[Directions for this task] Print the listing below from its opening line through the line holding "Ride Al - Mikina Essential dětská", both ends included.

[Dataset]
+ + + + + + +

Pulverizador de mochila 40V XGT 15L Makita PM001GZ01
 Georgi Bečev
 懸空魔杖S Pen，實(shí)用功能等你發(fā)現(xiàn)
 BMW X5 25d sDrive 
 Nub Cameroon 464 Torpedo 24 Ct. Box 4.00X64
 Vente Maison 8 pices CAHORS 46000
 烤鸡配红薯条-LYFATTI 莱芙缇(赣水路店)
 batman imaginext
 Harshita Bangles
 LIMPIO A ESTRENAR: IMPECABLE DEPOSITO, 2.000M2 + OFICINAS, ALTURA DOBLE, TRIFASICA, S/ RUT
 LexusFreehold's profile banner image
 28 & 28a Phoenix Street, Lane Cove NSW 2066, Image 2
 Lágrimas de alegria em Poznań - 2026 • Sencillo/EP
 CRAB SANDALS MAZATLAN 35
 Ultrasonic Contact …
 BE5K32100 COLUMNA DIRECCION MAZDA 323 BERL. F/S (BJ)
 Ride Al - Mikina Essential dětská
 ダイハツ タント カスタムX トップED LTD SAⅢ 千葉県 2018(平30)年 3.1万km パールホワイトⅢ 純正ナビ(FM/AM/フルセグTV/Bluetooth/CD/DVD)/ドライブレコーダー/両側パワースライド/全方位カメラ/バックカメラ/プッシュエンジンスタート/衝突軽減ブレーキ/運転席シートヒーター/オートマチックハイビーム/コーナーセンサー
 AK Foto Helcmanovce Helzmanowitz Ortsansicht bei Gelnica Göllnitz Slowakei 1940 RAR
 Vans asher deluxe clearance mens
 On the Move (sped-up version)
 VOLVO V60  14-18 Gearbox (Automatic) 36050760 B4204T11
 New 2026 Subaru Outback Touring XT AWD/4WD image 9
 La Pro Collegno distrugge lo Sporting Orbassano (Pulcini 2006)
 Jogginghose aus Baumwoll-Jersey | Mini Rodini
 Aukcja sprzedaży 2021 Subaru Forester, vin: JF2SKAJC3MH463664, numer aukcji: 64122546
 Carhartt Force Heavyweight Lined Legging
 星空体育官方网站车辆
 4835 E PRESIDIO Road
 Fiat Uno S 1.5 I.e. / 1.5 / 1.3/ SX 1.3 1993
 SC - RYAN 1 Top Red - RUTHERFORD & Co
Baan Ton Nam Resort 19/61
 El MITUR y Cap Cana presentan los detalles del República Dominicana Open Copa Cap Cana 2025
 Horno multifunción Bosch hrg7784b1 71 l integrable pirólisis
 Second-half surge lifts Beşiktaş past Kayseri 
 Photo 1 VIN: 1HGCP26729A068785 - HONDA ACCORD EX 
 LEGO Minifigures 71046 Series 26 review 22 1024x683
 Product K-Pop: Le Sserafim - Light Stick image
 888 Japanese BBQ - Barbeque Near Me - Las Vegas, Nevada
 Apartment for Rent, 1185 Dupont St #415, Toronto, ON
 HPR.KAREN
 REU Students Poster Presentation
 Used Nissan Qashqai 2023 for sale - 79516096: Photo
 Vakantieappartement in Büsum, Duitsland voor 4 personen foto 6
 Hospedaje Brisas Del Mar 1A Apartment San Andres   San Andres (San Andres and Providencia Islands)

+ + + + + + +

[Reply to the exercise]
Pulverizador de mochila 40V XGT 15L Makita PM001GZ01
 Georgi Bečev
 懸空魔杖S Pen，實(shí)用功能等你發(fā)現(xiàn)
 BMW X5 25d sDrive 
 Nub Cameroon 464 Torpedo 24 Ct. Box 4.00X64
 Vente Maison 8 pices CAHORS 46000
 烤鸡配红薯条-LYFATTI 莱芙缇(赣水路店)
 batman imaginext
 Harshita Bangles
 LIMPIO A ESTRENAR: IMPECABLE DEPOSITO, 2.000M2 + OFICINAS, ALTURA DOBLE, TRIFASICA, S/ RUT
 LexusFreehold's profile banner image
 28 & 28a Phoenix Street, Lane Cove NSW 2066, Image 2
 Lágrimas de alegria em Poznań - 2026 • Sencillo/EP
 CRAB SANDALS MAZATLAN 35
 Ultrasonic Contact …
 BE5K32100 COLUMNA DIRECCION MAZDA 323 BERL. F/S (BJ)
 Ride Al - Mikina Essential dětská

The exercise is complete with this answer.